Issuing stock to employees would seem to be a relatively uncomplicated strategy to encourage morale, economically reward and retain key employees, and possibly create a long-term ownership transition plan. While it can accomplish those goals, there are some important considerations to keep in mind.
Closely-held businesses are limited in how they can facilitate issuing stock to employees when compared to publicly-traded companies, where stock options or stock purchase plans are favored ways to grant employees ownership. To obtain ownership in a publicly-traded company, employees can freely purchase shares from an open exchange. If shares are purchased via options or a stock purchase plan, they may realize taxable income, to the extent of any bargain element to the acquisition, under the tax code.
Closely-held companies operate under the same accounting and tax rules as public companies. But because these companies lack scale, they generally limit the number of equity owners and can encounter difficulties in pricing their shares. This means that options and stock purchase plans generally don’t fit well. Therefore, a direct transfer to a limited group of key employees is more feasible, where the goal of existing owners is to retain majority ownership, (as opposed to an indirect ownership vehicle such as an Employee Stock Ownership Plan).
Here are 10 considerations for a closely-held company that is considering issuing ownership to employees:
- For smaller to mid-sized closely-held companies, there is good reason to require an employee to put “skin into the game” and pay something for their stock. Psychologically, no one fully appreciates that which is given to them for free.
- The price, for any purpose, should approximate fair value, with applicable discounts for lack of control. The majority owners should engage a valuation specialist to measure the company’s fair value and assess appropriate discounts, if any.

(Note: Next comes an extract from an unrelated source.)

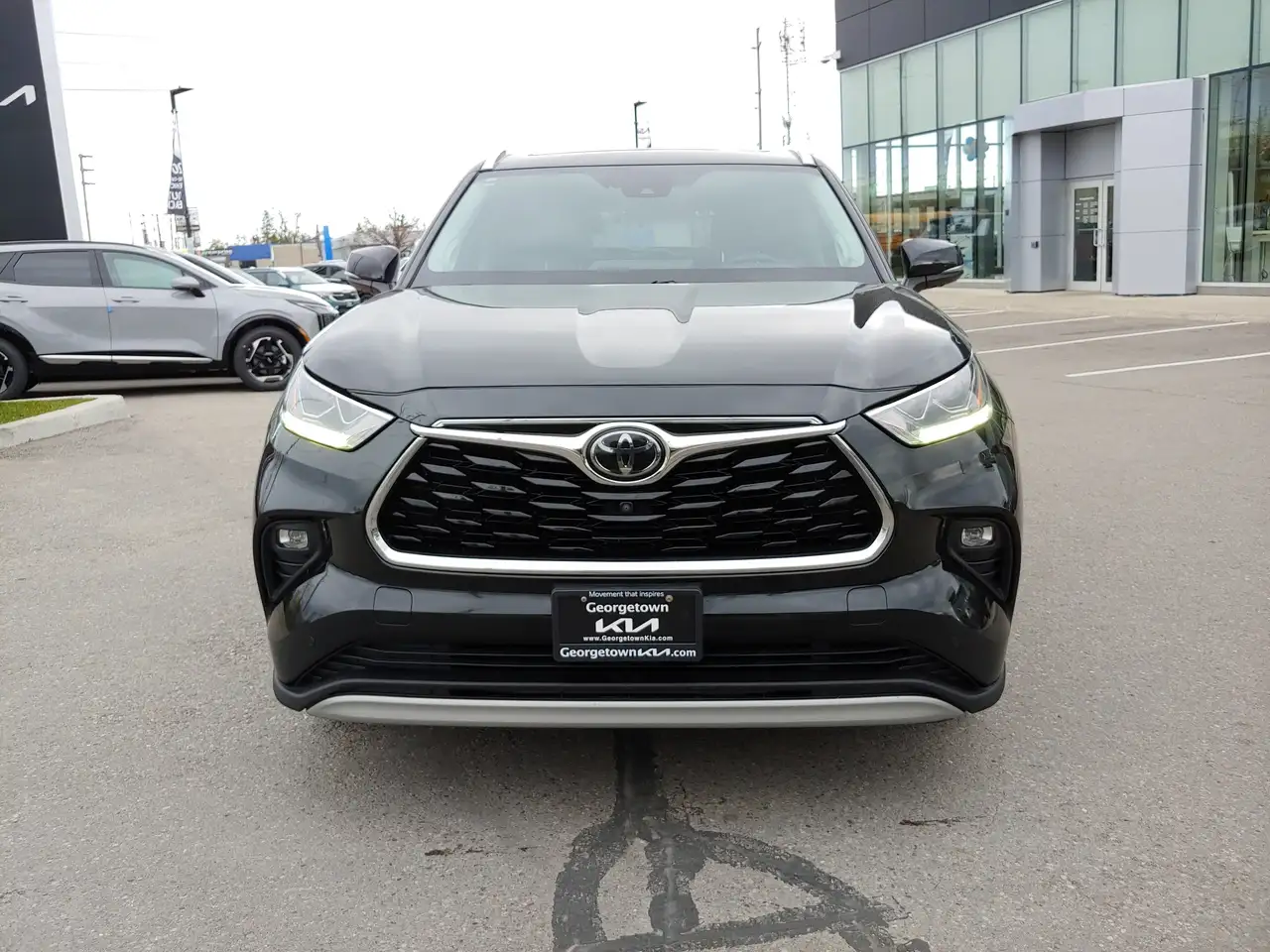 Toyota Highlander снимка Toyota Highlander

- Issuing stock at a measureable discount causes the company to record a financial statement expense with a concurrent credit to equity. This could cause an undesired net income result to the company.
- Employees recognize taxable compensation if there is a bargain element to a stock purchase; the company recognizes a corresponding tax deduction. The taxable compensation may be an unwanted surprise to the employee if not clearly spelled out in advance.
- The company will want to restrict transferability or, at a minimum, have a right of first refusal to repurchase stock the employee owns, dependent on future events.
- A well-thought-out shareholder or repurchase agreement provides a plan to ensure the company or other existing shareholders have a virtual lock on repurchase at certain triggering events. The agreement should set out the terms triggering a buy-back. It is a necessity to avoid any possible ownership by an unwanted player such as the spouse or children of an employee, a competitor, or any unknown person.
- Triggering events, terms, and measurement of any repurchase price are integral elements of a repurchase arrangement. They must be clear and can be formula-based if broadly applied. They also must be set out in an agreement that is negotiated and binding on the employee and the company at the time the employee first acquires the stock. There should be flexibility to allow the company or other shareholders to repurchase any shares.
- Bank debt agreements need to be reviewed for possible restrictions or covenant matters that could be violated as a result of issuance or for any downstream repurchase obligation. If necessary, renegotiate to fit the company’s needs.
- Mind the voting and legal rights associated with shares owned by an employee. Unless it is restricted at issuance, voting creates an exercisable right on corporate governance matters, a right to dividends, and a right to legal process as a shareholder.
- Consider alternatives such as phantom stock or stock tracking rights to meet a similar objective of incentivizing key employees to share in a company’s growth.